▶ [Aim of the task]: Only the lines from the one containing "Load image into" to the end of the data should be copied, exactly and without pictures.

▶ [Entries supplied]:
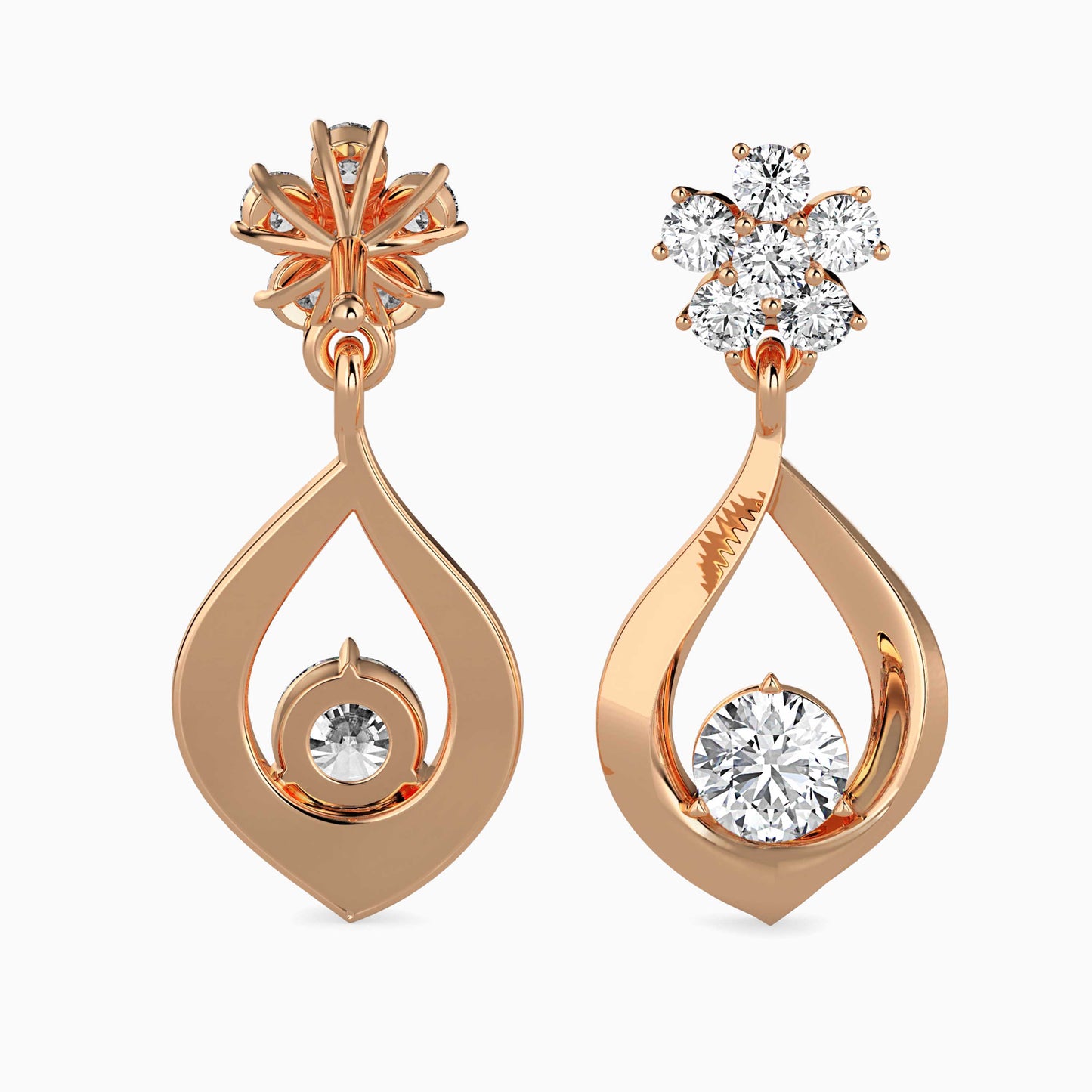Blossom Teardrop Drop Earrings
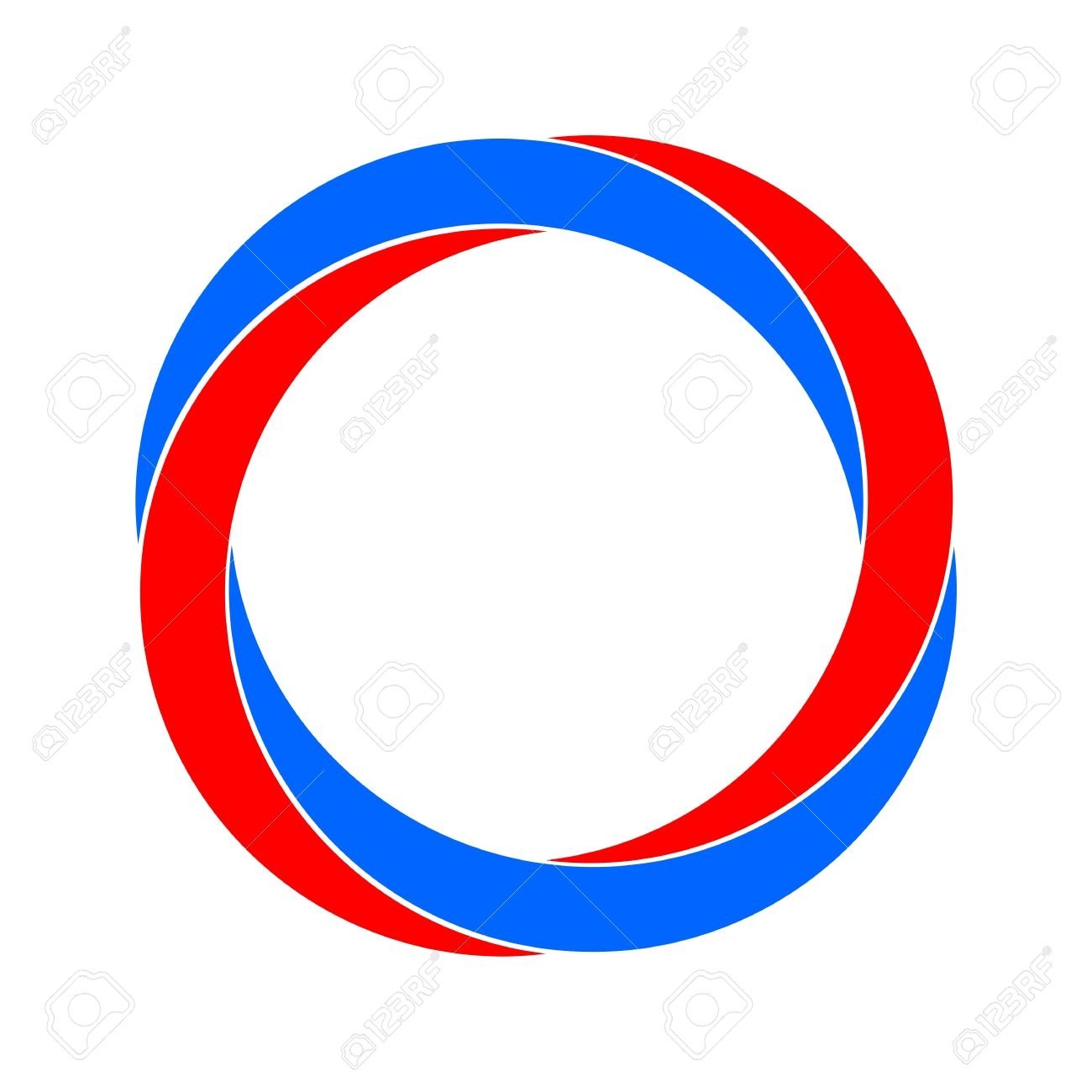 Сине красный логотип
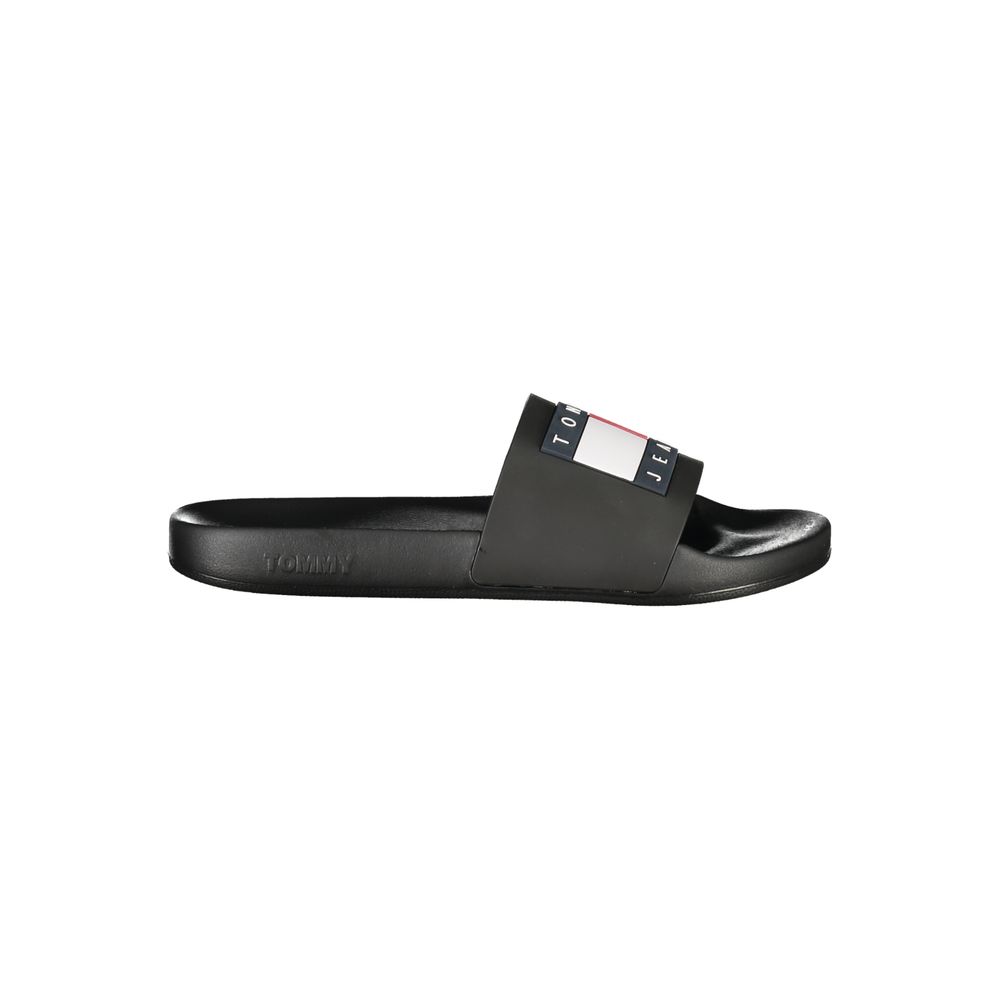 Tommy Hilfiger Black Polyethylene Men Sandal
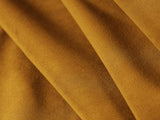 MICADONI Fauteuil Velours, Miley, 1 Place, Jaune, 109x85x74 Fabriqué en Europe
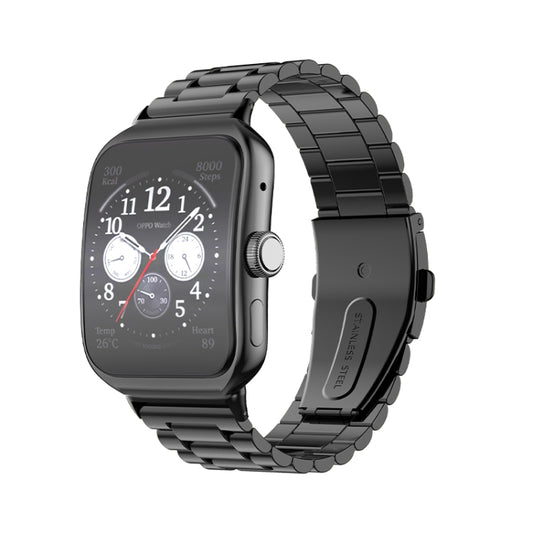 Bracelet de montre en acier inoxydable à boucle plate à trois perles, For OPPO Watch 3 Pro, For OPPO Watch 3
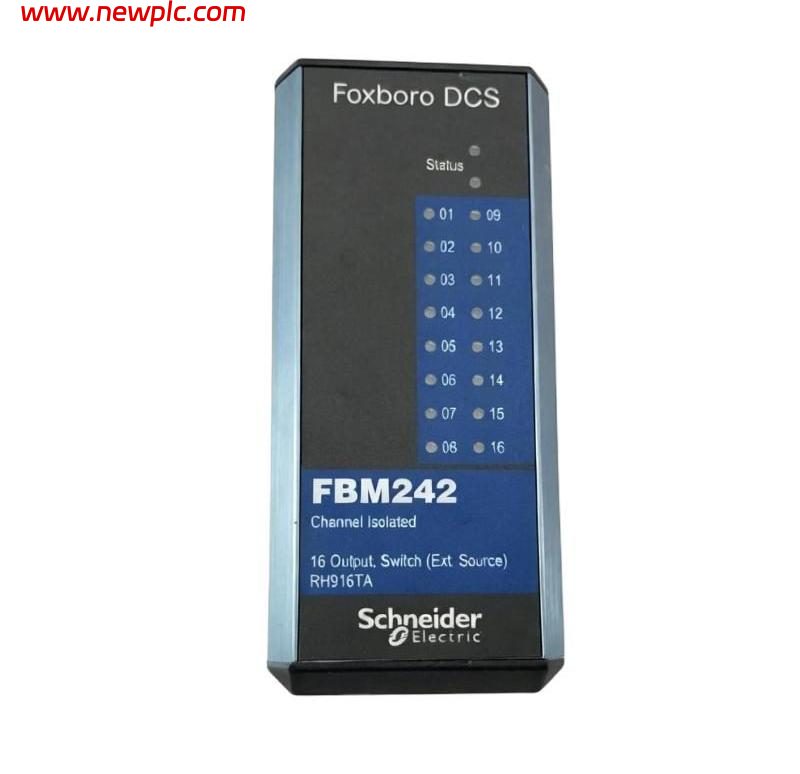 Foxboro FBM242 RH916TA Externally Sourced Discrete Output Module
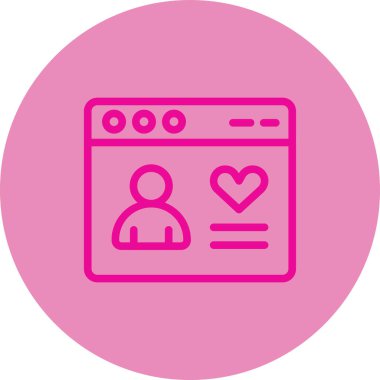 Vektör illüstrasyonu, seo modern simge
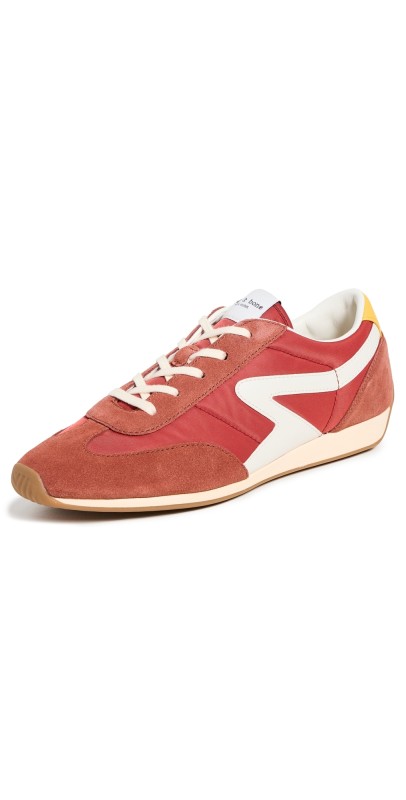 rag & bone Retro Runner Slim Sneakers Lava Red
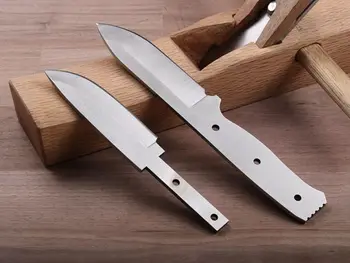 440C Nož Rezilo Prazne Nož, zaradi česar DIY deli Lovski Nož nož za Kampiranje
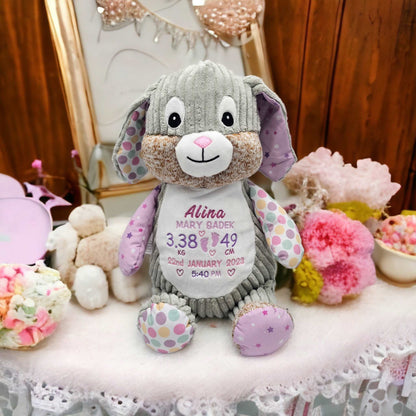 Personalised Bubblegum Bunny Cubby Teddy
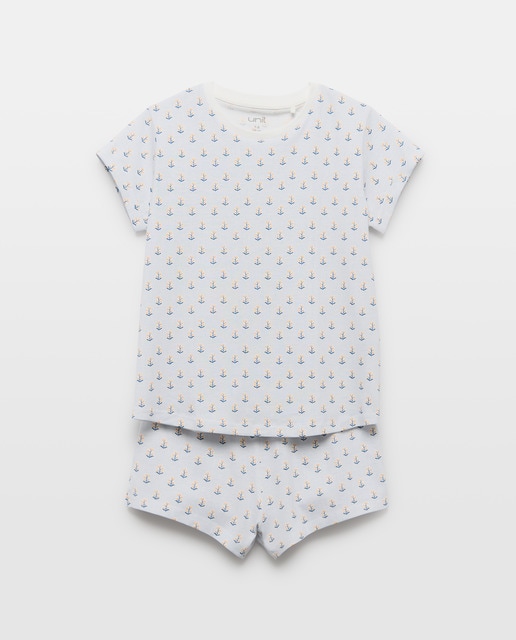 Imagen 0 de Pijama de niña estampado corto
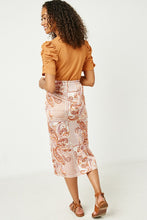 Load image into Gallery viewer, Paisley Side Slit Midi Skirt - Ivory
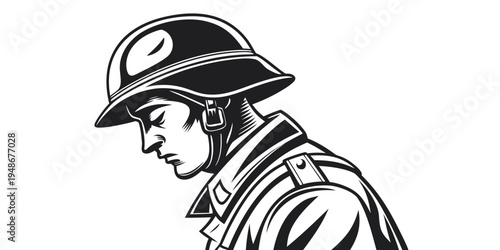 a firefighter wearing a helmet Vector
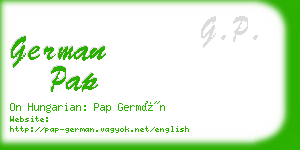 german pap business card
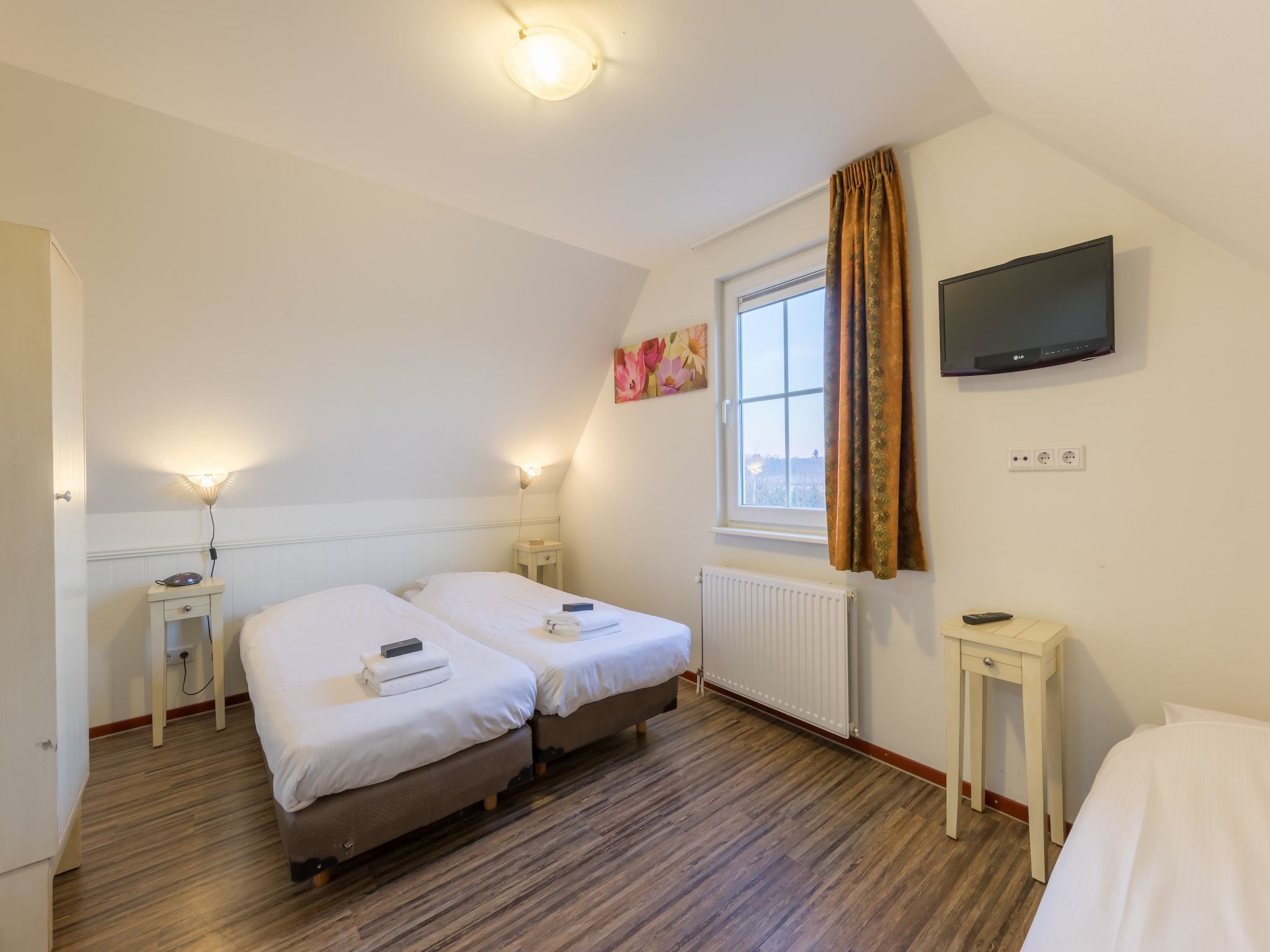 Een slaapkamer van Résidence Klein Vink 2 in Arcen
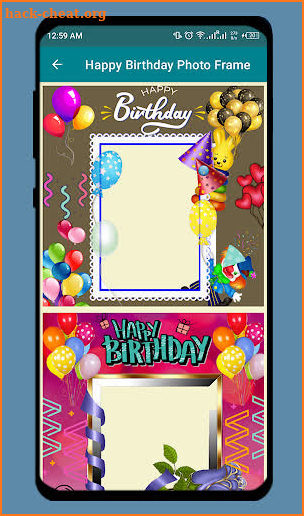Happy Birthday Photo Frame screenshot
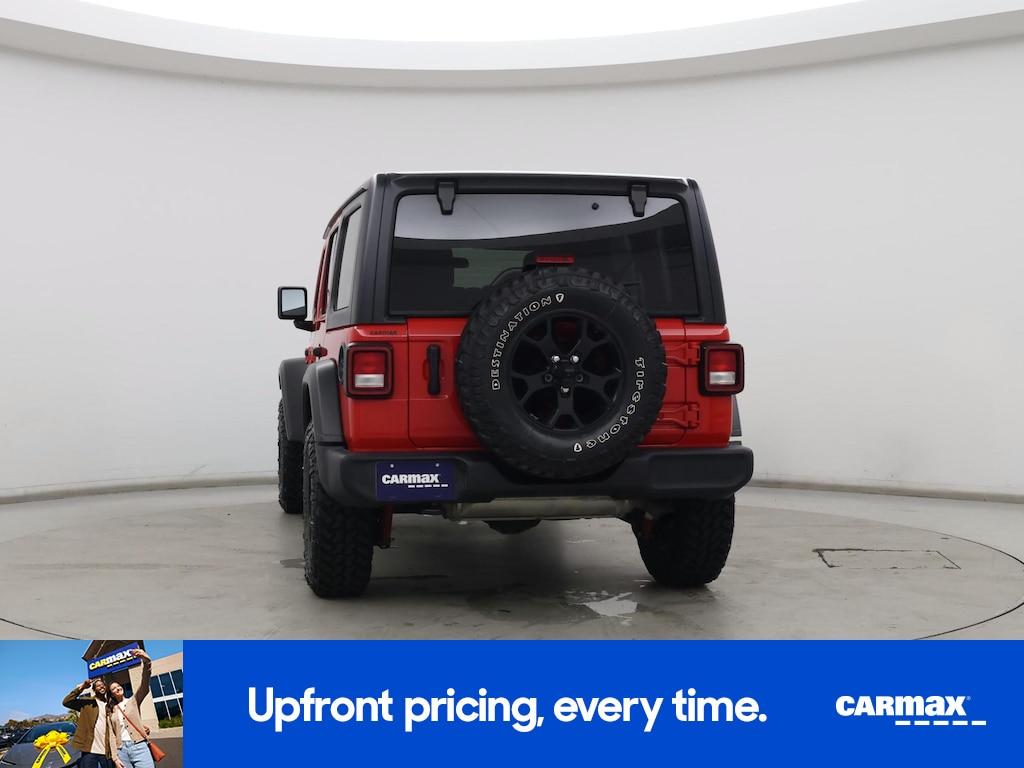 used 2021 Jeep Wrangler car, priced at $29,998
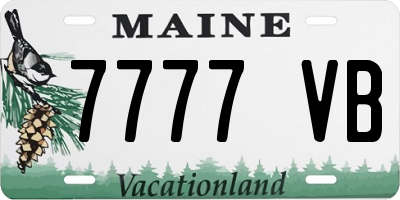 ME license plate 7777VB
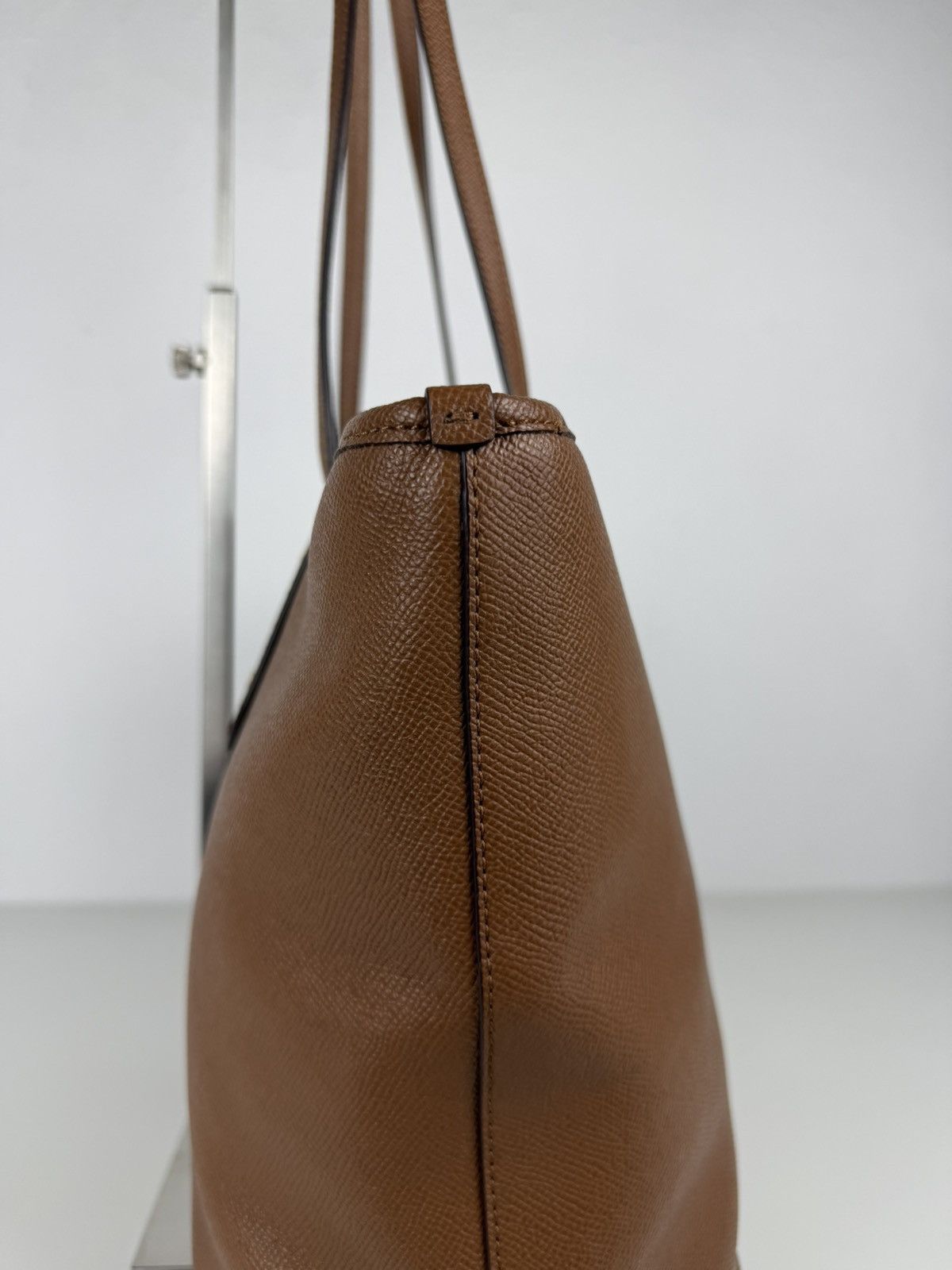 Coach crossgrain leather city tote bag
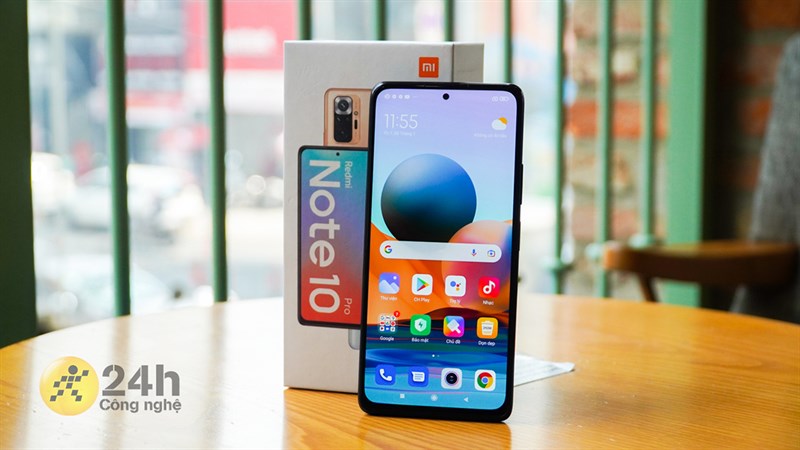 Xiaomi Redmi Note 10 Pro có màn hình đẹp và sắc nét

▶ [Your solution]:
 Load image into Gallery viewer, Paisley Side Slit Midi Skirt - Ivory
 a firefighter wearing a helmet Vector
 german pap business card
 Een slaapkamer van Résidence Klein Vink 2 in Arcen
Happy Birthday Photo Frame screenshot
 used 2021 Jeep Wrangler car, priced at $29,998
 ME license plate 7777VB
 Coach crossgrain leather city tote bag
 Xiaomi Redmi Note 10 Pro có màn hình đẹp và sắc nét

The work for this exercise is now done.